◆ Task ◆
Would you transcribe the listing that follows, character for character, and omit its images?

+--

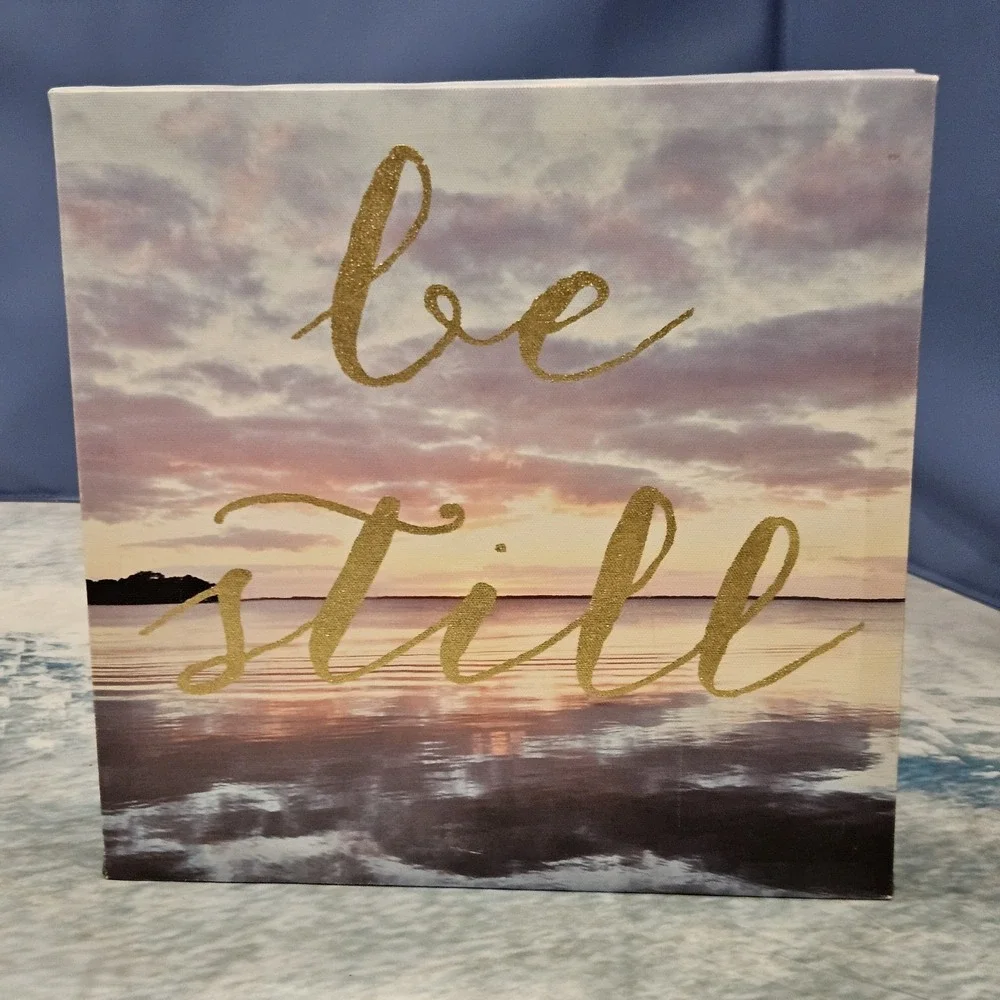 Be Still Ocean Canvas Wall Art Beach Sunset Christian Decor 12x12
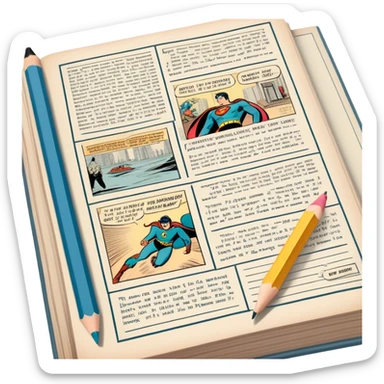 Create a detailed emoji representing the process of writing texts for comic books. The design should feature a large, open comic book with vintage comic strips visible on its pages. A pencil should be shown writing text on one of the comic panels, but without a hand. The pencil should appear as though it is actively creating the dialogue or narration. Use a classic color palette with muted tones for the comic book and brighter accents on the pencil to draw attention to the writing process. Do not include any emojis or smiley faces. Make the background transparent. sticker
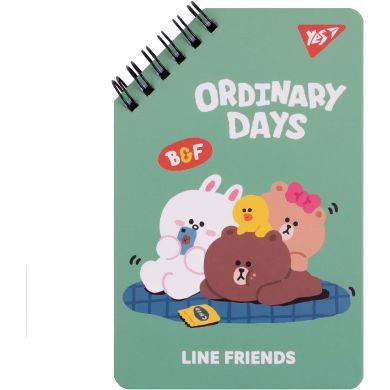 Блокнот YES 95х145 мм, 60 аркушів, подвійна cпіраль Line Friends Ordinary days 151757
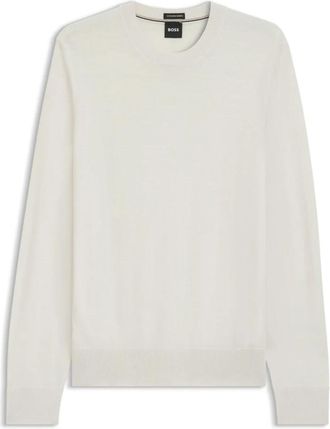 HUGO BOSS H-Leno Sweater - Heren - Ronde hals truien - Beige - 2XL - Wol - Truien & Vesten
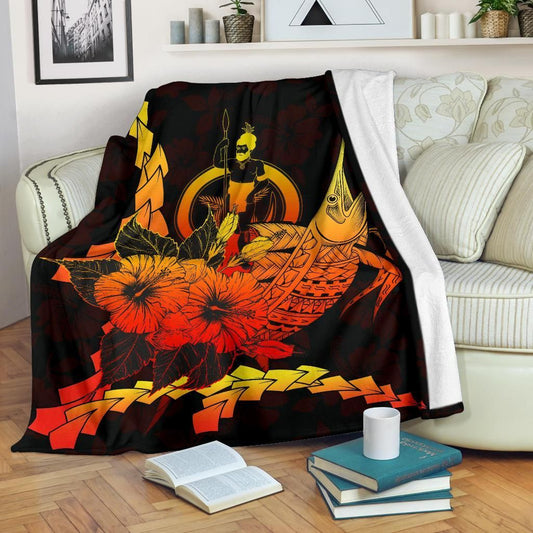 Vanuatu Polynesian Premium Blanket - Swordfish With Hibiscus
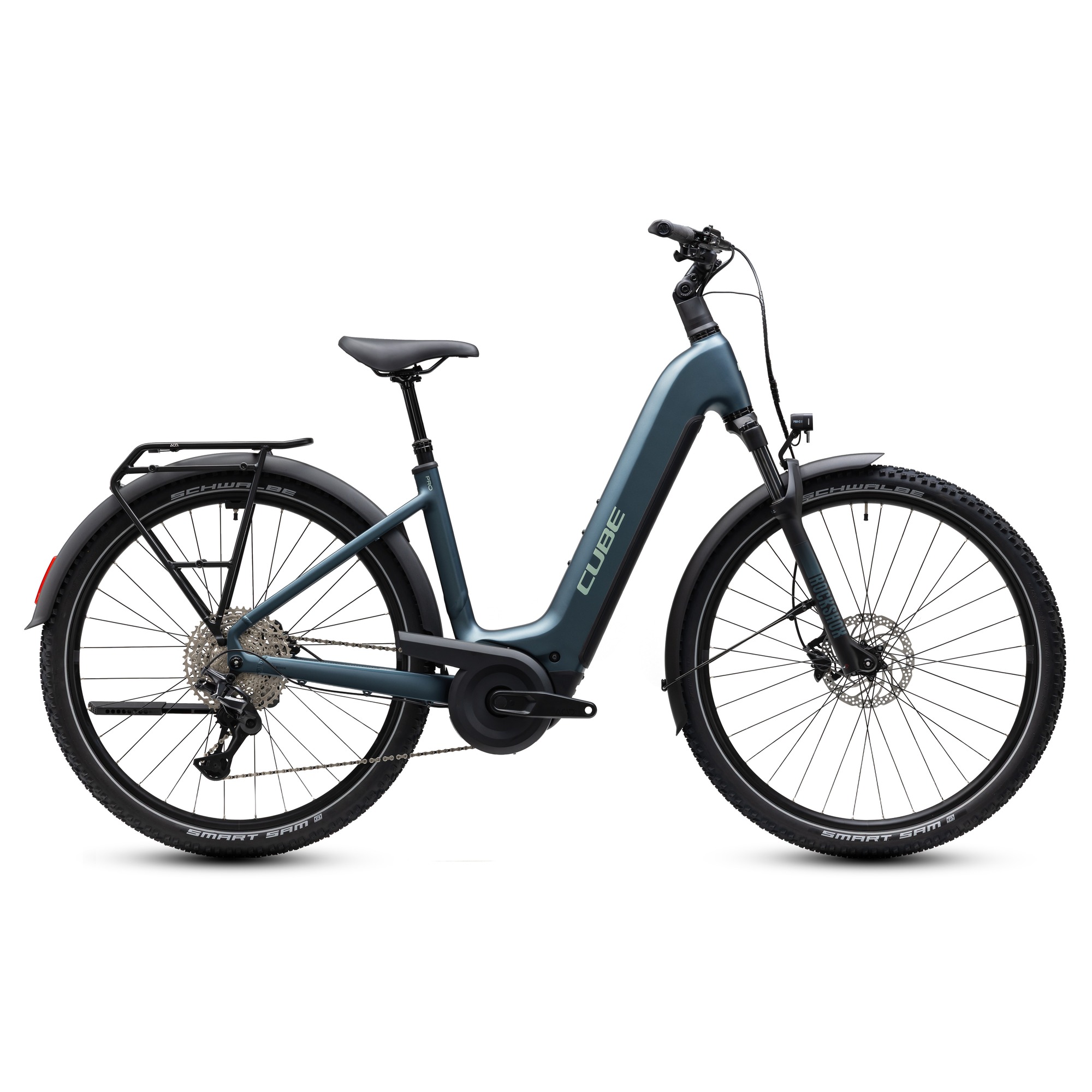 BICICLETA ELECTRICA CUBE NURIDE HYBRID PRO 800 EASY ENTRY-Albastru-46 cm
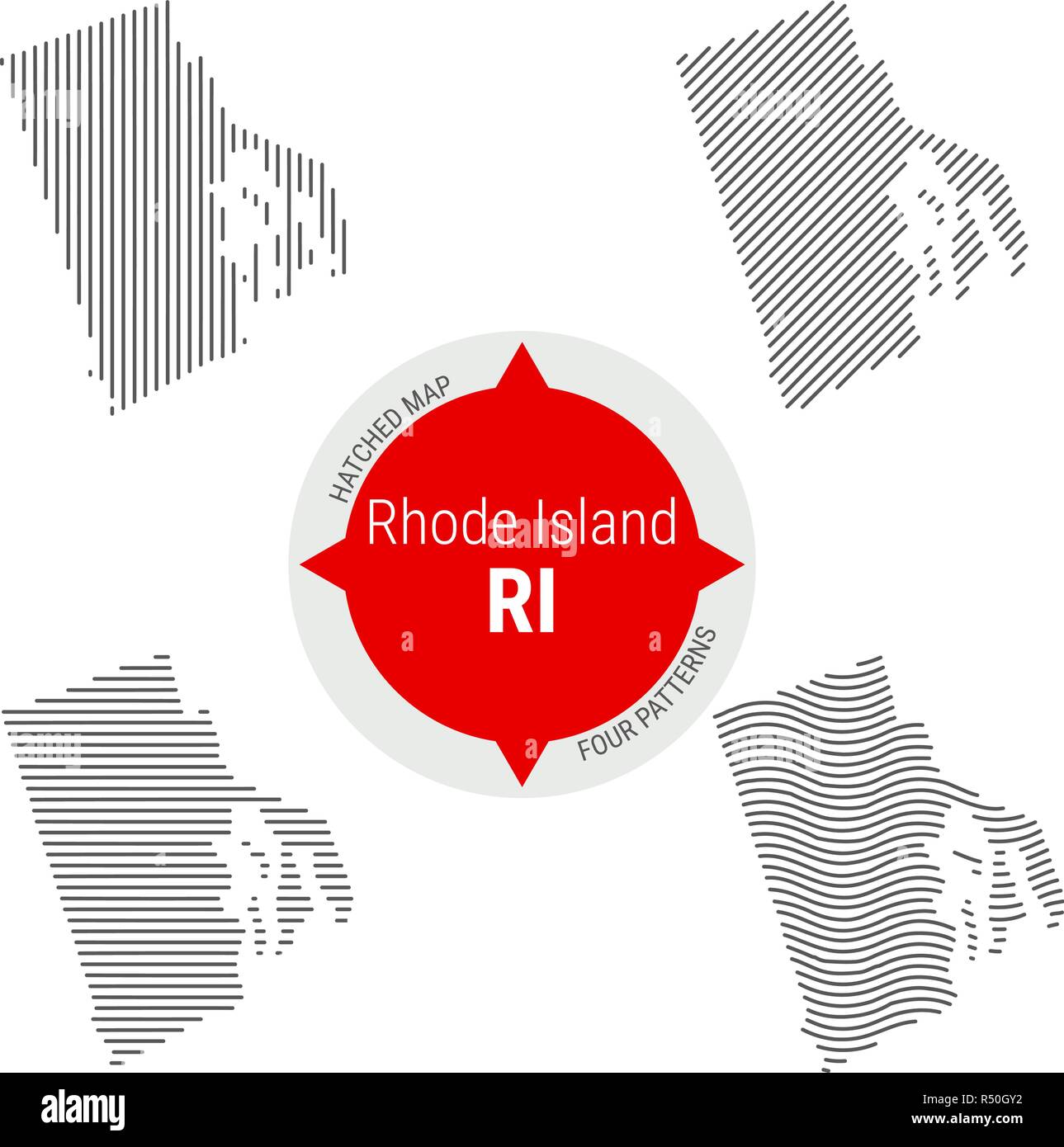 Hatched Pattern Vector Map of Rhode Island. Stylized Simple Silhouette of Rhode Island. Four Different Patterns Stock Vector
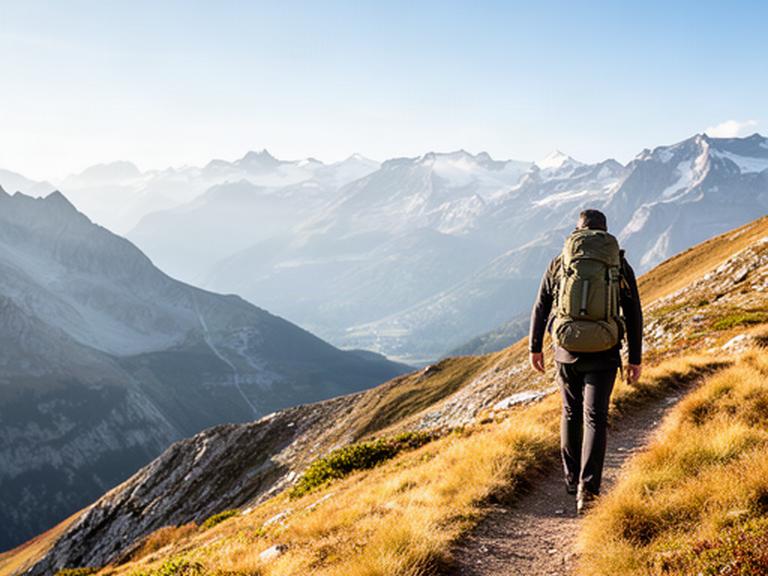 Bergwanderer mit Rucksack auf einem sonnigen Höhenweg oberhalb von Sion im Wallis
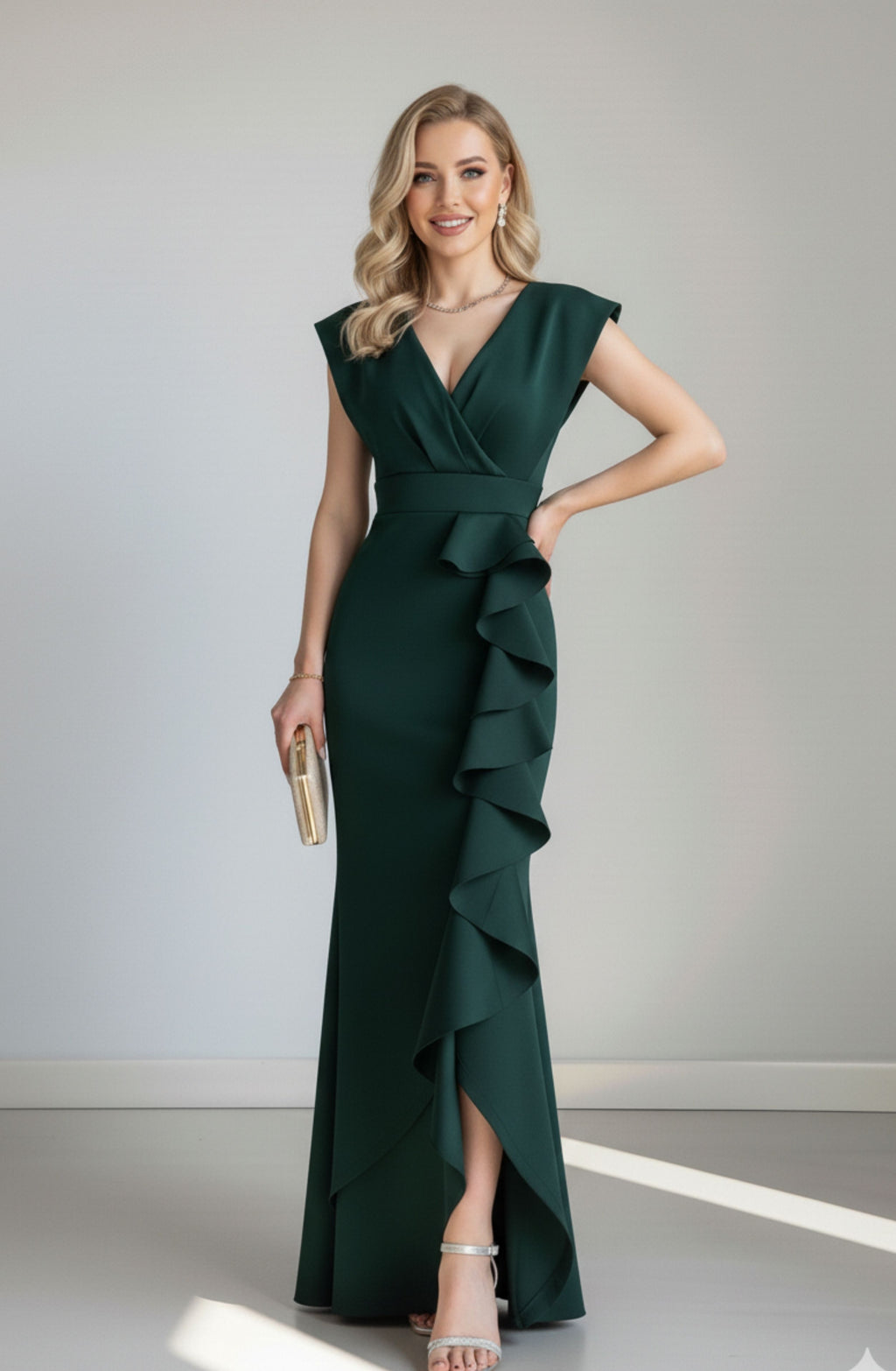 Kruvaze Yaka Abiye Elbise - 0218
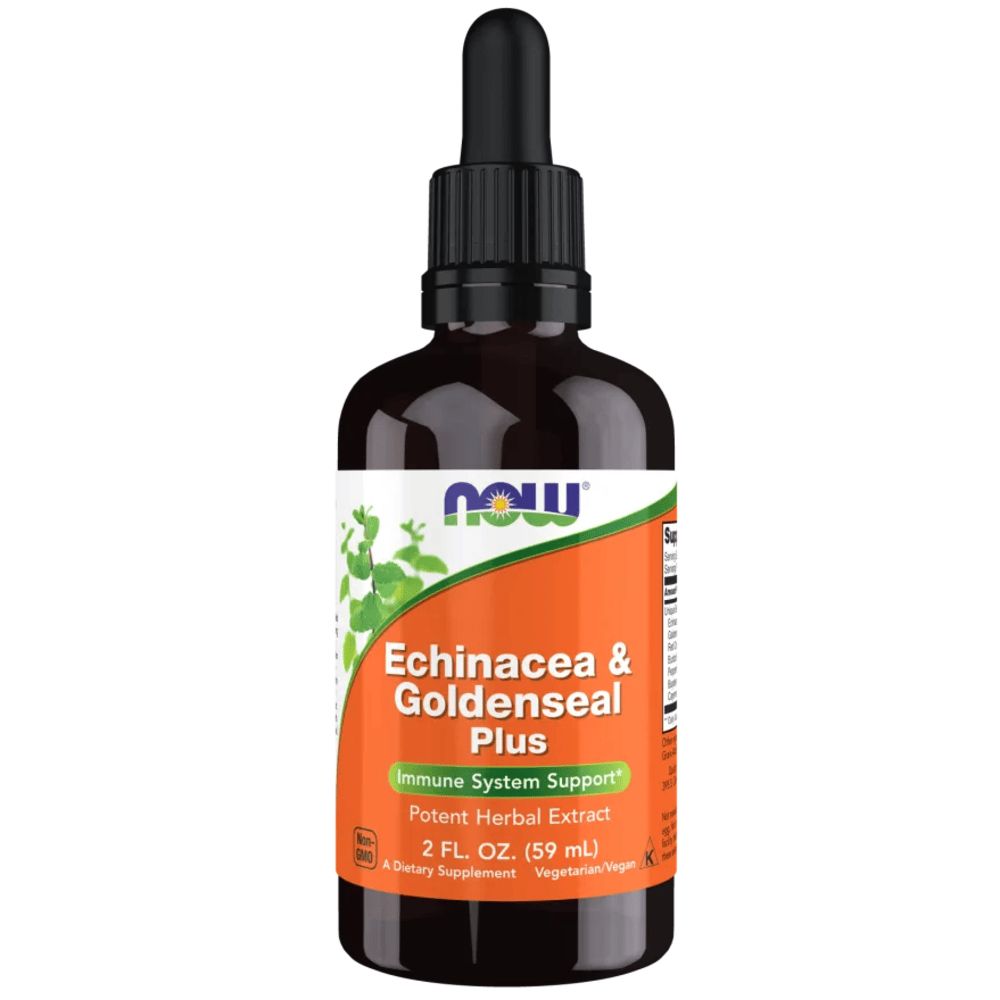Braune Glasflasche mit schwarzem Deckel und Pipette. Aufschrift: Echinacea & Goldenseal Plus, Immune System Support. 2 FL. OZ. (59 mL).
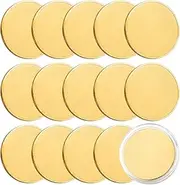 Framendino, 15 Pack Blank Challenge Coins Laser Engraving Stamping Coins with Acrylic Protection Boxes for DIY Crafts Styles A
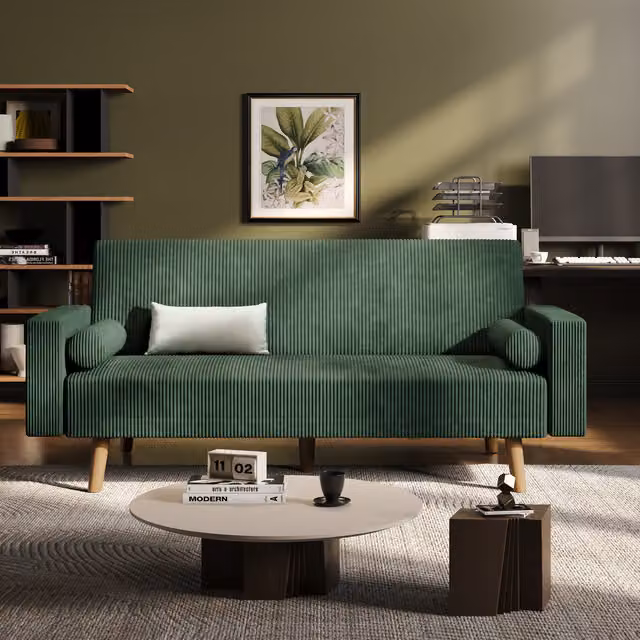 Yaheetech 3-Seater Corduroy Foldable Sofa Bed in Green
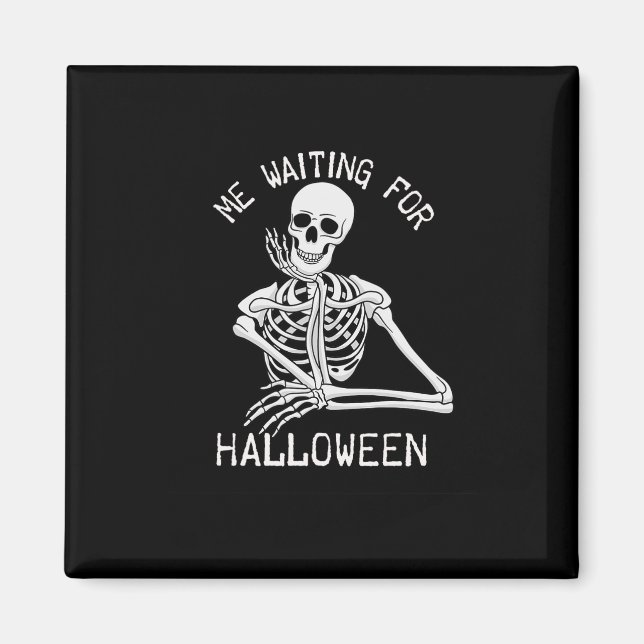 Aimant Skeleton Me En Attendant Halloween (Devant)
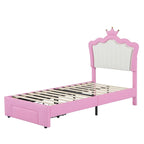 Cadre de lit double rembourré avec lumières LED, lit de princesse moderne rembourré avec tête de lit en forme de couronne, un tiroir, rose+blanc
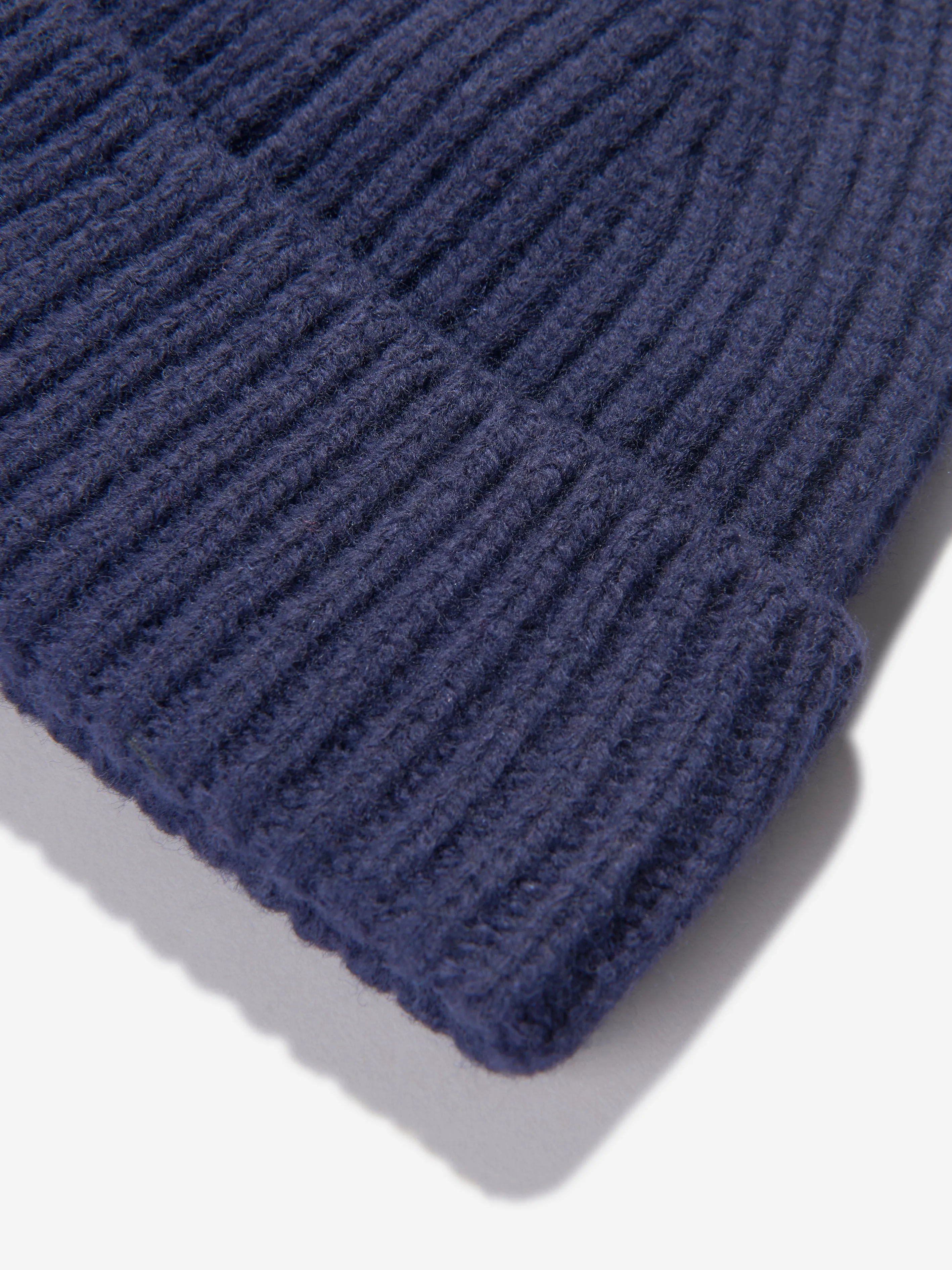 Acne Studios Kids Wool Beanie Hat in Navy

+--

◆ Worked solution ◆
 Be Still Ocean Canvas Wall Art Beach Sunset Christian Decor 12x12
 Create a detailed emoji representing the process of writing texts for comic books. The design should feature a large, open comic book with vintage comic strips visible on its pages. A pencil should be shown writing text on one of the comic panels, but without a hand. The pencil should appear as though it is actively creating the dialogue or narration. Use a classic color palette with muted tones for the comic book and brighter accents on the pencil to draw attention to the writing process. Do not include any emojis or smiley faces. Make the background transparent. sticker
 Блокнот YES 95х145 мм, 60 аркушів, подвійна cпіраль Line Friends Ordinary days 151757
 HUGO BOSS H-Leno Sweater - Heren - Ronde hals truien - Beige - 2XL - Wol - Truien & Vesten
 Vanuatu Polynesian Premium Blanket - Swordfish With Hibiscus
 BICICLETA ELECTRICA CUBE NURIDE HYBRID PRO 800 EASY ENTRY-Albastru-46 cm
 Hatched Pattern Vector Map of Rhode Island. Stylized Simple Silhouette of Rhode Island. Four Different Patterns Stock Vector
 Bergwanderer mit Rucksack auf einem sonnigen Höhenweg oberhalb von Sion im Wallis
 Kruvaze Yaka Abiye Elbise - 0218
Braune Glasflasche mit schwarzem Deckel und Pipette. Aufschrift: Echinacea & Goldenseal Plus, Immune System Support. 2 FL. OZ. (59 mL).
 Framendino, 15 Pack Blank Challenge Coins Laser Engraving Stamping Coins with Acrylic Protection Boxes for DIY Crafts Styles A
 Yaheetech 3-Seater Corduroy Foldable Sofa Bed in Green
 Aimant Skeleton Me En Attendant Halloween (Devant)
 Cadre de lit double rembourré avec lumières LED, lit de princesse moderne rembourré avec tête de lit en forme de couronne, un tiroir, rose+blanc
 Acne Studios Kids Wool Beanie Hat in Navy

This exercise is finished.